もしも自分が天才だったら...
あんなことやって、こんなふうになって...
みたいなことを妄想してると楽しかったりする時がある。公開当時、映画館を出るやいなや友達同士で「俺が天才だったら論」を言いまくってたのを思い出した。感動作としての余韻に浸ることは一切無く、この天才の使い道はもったいなさすぎる!の一点張りだった。あとはせいぜいタイトルの Good will hunting について、こんな文法おかしいだろと思ってたら人の名前だったのかよってアホな話しをしてたくらいなもんで。正直言って、なんでこんなのが評価高いのかと不思議でならなかった。
でも、20年以上ぶりに観返してみたら、目線が違うところにいってて、印象が変わってきた。このクソガキのウィル・ハンティングをどうやって窘めていくんだろうかと考えながら、名優ロビン・ウィリアムズが演じた心理学者(カウンセラー、セラピスト)のショーンの側で見つめていくうち、ようやくこの主人公ウィルの心の内に関心がいくようになってきて、はぁー何てよく出来た話しなんだよって思えるようになった。
脚本は、今や大スターのマット・デイモンとベン・アフレックの共作。そこが凄い。
(ちなみにこの2人とともにベンの弟ケイシー・アフレックも出演しているが、そう言われてもわからないほど初々しさに溢れてる)

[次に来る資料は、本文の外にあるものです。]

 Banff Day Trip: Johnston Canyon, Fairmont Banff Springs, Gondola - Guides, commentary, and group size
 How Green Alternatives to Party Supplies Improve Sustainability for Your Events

ウィルもショーンも過去の体験から心に深い傷を負っていて、なかなか前に進もうとできないでいるが、そんな2人が次第に心を通い合わせて対話を重ねていくうちに、お互いがお互いのことを理解し合うようになり、各々が今の自分と向き合うようになって、ようやく未来への一歩を踏み出していくというお話し。言ってみればただそれだけのシンプルな展開なんだけど、その心理面の描き方がとても繊細なところを突いていて、これまた屈折してしまった男の歯痒い部分というやつに引き寄せられてしまって、もはや人ごととは思えず共感せざるを得なかった。
天才ゆえの苦悩ではなくて、無知ゆえの煩悩
外の世界を恐がり、安全な場所から抜け出せない
心を閉ざしたままの臆病な男
そんな主人公のキャラクターを印象付けているのがエリオット・スミスの楽曲。今は亡き人、もっと評価されるべきアーティスト。グランジ/オルタナの香りがプンプンとして、陰鬱で暗いんだけど、どこか希望をも感じさせてくれるところがあって、ストーリーにばっちりハマってると思う。『タイタニック』のあの曲が無かったらオスカー獲れてたのに。でも、逆に一番じゃない方が良かったのかなって気もする。蓮舫さんが言った意味でじゃなくて、分相応のかっこよさという意味で。生き様には人それぞれの輝き方があるんだってことを考えながら、この物語とこの音楽を聴いていると、その共鳴が心地良く感じられる。